Instructions for the task:
The line containing "Used 2022 Mercedes-Benz" marks the start. Return it and every later line of the listing below exactly, ending with the last one.

Input:
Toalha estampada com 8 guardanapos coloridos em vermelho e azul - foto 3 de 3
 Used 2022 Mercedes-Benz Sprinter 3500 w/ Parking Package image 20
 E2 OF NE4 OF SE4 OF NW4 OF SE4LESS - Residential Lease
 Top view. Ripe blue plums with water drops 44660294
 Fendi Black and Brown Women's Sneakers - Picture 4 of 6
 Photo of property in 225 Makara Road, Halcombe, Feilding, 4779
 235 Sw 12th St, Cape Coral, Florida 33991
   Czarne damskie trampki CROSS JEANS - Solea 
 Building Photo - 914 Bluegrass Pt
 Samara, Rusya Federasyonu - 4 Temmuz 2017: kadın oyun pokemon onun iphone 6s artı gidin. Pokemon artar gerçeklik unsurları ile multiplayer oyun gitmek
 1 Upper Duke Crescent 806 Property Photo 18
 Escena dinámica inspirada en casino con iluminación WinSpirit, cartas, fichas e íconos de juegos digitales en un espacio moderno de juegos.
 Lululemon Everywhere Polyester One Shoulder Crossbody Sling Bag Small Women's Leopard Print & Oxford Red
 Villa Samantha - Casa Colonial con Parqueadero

Response box:
 Used 2022 Mercedes-Benz Sprinter 3500 w/ Parking Package image 20
 E2 OF NE4 OF SE4 OF NW4 OF SE4LESS - Residential Lease
 Top view. Ripe blue plums with water drops 44660294
 Fendi Black and Brown Women's Sneakers - Picture 4 of 6
 Photo of property in 225 Makara Road, Halcombe, Feilding, 4779
 235 Sw 12th St, Cape Coral, Florida 33991
   Czarne damskie trampki CROSS JEANS - Solea 
 Building Photo - 914 Bluegrass Pt
 Samara, Rusya Federasyonu - 4 Temmuz 2017: kadın oyun pokemon onun iphone 6s artı gidin. Pokemon artar gerçeklik unsurları ile multiplayer oyun gitmek
 1 Upper Duke Crescent 806 Property Photo 18
 Escena dinámica inspirada en casino con iluminación WinSpirit, cartas, fichas e íconos de juegos digitales en un espacio moderno de juegos.
 Lululemon Everywhere Polyester One Shoulder Crossbody Sling Bag Small Women's Leopard Print & Oxford Red
 Villa Samantha - Casa Colonial con Parqueadero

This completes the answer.